One of the first attempts at NLI was the decomposable attention model (DAM) [23]. The authors of the DAM presented an attention model for NLI that decomposes the problem into sub-problems that can be parallelized. The model works in three steps: attend, compare, and aggregate. In the first step, the premise and the hypothesis are encoded to two vectors, a and b, and then an attention mechanism is applied between them. The attention mechanism finds the sub-phrases in b that are softly aligned with every word in a, as well as the sub-phrases in a that are aligned with every word in b. In the second step, the words of a and their aligned sub-phrases in b are compared with a feed-forward neural network and are passed in a vector, the same as b. In the third step, the values in each vector are aggregated and passed to a final MLP with SoftMax for classification. In addition to the three steps, an optional attention step was presented, called intra-sentence attention.
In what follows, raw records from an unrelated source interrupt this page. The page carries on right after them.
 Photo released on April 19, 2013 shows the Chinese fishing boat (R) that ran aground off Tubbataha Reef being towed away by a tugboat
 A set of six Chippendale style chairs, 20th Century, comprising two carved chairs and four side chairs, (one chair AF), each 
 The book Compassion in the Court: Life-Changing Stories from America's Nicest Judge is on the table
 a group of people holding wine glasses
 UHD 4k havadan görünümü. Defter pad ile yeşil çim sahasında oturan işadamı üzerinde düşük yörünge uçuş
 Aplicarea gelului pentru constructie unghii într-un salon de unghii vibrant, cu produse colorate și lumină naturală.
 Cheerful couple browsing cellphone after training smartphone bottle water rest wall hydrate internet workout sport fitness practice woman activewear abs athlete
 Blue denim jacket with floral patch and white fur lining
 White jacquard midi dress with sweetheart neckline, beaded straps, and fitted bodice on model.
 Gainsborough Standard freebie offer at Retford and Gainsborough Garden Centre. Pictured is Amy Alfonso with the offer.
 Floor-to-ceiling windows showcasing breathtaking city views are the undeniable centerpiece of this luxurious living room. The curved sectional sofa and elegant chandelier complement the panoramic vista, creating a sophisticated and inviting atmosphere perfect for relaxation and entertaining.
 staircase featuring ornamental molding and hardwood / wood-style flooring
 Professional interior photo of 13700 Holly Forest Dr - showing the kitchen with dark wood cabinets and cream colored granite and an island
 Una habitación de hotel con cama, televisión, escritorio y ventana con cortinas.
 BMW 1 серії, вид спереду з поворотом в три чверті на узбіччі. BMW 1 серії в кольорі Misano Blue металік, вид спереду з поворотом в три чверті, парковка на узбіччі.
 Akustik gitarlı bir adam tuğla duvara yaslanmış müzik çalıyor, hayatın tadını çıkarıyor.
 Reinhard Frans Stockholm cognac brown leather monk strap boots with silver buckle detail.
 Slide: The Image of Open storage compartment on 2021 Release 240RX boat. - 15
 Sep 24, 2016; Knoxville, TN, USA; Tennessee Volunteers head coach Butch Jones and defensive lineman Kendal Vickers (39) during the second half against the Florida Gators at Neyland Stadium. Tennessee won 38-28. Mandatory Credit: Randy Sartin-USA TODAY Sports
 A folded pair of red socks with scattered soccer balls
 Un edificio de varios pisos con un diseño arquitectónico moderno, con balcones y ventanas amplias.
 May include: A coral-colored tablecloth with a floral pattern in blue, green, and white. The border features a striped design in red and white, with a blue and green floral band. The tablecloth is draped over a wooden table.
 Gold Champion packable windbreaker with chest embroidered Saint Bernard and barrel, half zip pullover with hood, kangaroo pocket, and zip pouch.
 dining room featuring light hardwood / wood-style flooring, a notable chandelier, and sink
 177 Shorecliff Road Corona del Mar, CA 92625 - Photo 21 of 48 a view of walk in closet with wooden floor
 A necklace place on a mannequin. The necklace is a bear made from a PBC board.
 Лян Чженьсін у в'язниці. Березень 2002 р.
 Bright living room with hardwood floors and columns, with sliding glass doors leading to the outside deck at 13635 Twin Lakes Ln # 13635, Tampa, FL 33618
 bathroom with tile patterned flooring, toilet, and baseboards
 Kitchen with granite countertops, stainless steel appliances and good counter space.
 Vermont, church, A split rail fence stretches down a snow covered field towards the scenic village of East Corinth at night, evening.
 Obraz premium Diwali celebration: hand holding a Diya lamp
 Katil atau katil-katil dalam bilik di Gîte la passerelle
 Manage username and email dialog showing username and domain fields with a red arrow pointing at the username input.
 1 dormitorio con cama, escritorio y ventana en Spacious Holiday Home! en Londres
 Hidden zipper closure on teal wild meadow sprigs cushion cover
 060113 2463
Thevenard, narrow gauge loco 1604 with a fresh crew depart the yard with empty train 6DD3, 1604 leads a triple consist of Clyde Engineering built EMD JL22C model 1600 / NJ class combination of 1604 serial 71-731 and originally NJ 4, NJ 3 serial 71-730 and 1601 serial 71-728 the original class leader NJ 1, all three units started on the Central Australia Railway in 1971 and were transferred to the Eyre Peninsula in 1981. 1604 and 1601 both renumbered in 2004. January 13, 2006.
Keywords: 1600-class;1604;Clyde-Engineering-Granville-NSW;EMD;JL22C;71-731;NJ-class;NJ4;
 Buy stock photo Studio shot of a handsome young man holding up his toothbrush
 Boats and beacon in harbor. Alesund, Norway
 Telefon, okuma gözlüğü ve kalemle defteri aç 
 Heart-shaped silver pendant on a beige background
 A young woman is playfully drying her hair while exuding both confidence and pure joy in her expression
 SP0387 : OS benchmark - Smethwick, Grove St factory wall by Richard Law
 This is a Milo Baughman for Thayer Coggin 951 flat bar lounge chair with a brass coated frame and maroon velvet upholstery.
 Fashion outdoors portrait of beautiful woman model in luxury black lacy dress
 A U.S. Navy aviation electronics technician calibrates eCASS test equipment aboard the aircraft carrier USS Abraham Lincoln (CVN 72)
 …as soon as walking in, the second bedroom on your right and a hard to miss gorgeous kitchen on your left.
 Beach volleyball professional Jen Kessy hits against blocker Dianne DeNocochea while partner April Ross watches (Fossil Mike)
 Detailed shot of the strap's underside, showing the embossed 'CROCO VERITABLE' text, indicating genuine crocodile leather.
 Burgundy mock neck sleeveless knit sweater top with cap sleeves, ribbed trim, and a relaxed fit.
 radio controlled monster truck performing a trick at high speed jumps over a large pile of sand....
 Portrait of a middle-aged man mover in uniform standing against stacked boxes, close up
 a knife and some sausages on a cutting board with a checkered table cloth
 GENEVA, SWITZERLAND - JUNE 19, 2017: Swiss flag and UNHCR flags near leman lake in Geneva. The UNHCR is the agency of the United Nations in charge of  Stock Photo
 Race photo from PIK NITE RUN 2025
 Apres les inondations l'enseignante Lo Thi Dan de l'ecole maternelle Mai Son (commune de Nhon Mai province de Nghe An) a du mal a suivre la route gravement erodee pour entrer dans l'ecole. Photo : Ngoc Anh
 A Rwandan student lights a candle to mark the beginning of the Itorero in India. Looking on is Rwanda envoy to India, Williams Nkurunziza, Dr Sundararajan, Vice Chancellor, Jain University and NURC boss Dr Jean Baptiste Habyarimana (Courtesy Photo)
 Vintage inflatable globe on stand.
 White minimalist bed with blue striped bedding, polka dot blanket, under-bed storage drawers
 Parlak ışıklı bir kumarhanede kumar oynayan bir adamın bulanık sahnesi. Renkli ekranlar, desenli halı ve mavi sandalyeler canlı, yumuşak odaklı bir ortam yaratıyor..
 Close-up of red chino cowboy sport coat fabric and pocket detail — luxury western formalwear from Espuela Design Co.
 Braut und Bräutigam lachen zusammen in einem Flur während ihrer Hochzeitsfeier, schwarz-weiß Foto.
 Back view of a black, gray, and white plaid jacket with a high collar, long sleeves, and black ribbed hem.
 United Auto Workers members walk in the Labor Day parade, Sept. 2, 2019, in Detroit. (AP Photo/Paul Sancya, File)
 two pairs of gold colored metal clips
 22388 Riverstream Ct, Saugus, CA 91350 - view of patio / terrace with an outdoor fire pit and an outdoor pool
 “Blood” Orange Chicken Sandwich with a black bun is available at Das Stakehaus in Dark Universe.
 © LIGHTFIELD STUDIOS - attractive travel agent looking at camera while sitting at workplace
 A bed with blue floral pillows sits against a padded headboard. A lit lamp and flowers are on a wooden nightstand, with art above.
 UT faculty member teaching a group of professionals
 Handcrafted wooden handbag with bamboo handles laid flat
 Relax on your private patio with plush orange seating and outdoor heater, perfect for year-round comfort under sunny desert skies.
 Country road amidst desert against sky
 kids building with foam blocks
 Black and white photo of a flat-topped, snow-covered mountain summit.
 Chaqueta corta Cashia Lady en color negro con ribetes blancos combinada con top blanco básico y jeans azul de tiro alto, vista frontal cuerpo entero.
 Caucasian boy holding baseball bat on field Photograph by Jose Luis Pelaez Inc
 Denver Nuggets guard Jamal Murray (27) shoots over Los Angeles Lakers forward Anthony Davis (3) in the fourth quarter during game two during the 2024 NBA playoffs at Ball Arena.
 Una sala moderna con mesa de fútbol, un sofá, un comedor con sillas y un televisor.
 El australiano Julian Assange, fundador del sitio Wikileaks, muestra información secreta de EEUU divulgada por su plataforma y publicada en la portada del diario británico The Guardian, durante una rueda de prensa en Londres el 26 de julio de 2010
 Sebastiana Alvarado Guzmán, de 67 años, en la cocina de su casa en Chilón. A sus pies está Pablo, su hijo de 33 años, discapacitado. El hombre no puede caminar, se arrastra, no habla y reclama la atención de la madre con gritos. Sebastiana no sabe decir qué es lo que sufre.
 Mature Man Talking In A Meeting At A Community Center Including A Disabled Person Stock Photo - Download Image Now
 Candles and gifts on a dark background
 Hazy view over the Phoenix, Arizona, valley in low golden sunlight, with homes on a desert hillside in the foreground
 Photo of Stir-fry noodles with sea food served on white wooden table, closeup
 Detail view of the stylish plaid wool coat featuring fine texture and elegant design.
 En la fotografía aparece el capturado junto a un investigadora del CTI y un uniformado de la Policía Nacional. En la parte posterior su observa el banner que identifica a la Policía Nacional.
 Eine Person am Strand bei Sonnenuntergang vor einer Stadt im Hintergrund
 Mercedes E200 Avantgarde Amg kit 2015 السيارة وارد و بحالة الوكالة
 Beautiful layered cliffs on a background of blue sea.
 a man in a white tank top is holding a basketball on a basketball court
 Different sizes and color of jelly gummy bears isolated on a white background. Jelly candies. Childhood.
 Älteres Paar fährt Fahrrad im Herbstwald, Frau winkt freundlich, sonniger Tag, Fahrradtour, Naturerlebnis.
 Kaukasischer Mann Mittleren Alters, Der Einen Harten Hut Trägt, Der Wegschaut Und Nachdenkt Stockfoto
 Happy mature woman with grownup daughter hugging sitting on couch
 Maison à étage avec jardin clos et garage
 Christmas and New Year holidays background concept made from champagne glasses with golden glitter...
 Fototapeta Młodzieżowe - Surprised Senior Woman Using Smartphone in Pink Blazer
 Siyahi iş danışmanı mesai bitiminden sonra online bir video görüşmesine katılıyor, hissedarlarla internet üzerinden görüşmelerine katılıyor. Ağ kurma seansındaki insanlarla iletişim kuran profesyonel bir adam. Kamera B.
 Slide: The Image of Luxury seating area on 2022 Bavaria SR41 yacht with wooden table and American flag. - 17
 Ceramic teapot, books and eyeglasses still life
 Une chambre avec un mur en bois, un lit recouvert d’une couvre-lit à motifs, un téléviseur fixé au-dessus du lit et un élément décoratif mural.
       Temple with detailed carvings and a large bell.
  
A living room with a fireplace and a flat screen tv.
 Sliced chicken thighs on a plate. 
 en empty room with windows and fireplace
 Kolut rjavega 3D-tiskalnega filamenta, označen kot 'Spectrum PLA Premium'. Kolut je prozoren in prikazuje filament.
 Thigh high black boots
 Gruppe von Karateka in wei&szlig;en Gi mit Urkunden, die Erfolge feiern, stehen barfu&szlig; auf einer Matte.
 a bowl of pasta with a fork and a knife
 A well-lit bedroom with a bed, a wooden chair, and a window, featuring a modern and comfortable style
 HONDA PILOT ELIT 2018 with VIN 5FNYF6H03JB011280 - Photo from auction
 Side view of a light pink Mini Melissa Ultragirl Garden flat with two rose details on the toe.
This step can take place before the attend step, and it calculates the self-attention of a sentence for better representation. The DAM was trained on the SNLI dataset with GloVe embeddings. It provided state-of-the-art results at that time: 86.3% on the test set for the basic steps and 86.8% with the inclusion of the intra-attention step.
Another popular model is enhanced sequential inference modeling (ESIM) [7]. The authors of ESIM focus on enhancing sequential models for inference. Their model is based on chaining LSTMs and applying attention mechanisms. In their paper, they also present a tree-LSTM model that encodes syntactic knowledge and can be used together with ESIM to form HIM (hybrid inference model). ESIM also works in three steps, similar to DAM: input encoding, local inference modeling and inference composition. In the first step, the premise and hypothesis are encoded with bidirectional LSTMs. The outputs of the biLSTMs are combined with an attention mechanism. The resulting vectors (the softly aligned representations of a and b) and the original vectors a and b are then further combined and concatenated for better representation. In the third step, the outputs of the second step are again fed into two biLSTMs. Then, instead of aggregating the resulting vectors, they compute the average and max pooling of both vectors, and the four resulting vectors are concatenated and fed in an MLP with a SoftMax for classification. The authors trained the model on SNLI with 300d GloVe embeddings with a batch size of 32, using the Adam optimizer with a learning rate of 0.0004 and a dropout rate of 0.5. The model provided the best result at that time on the SNLI test set (88.00%).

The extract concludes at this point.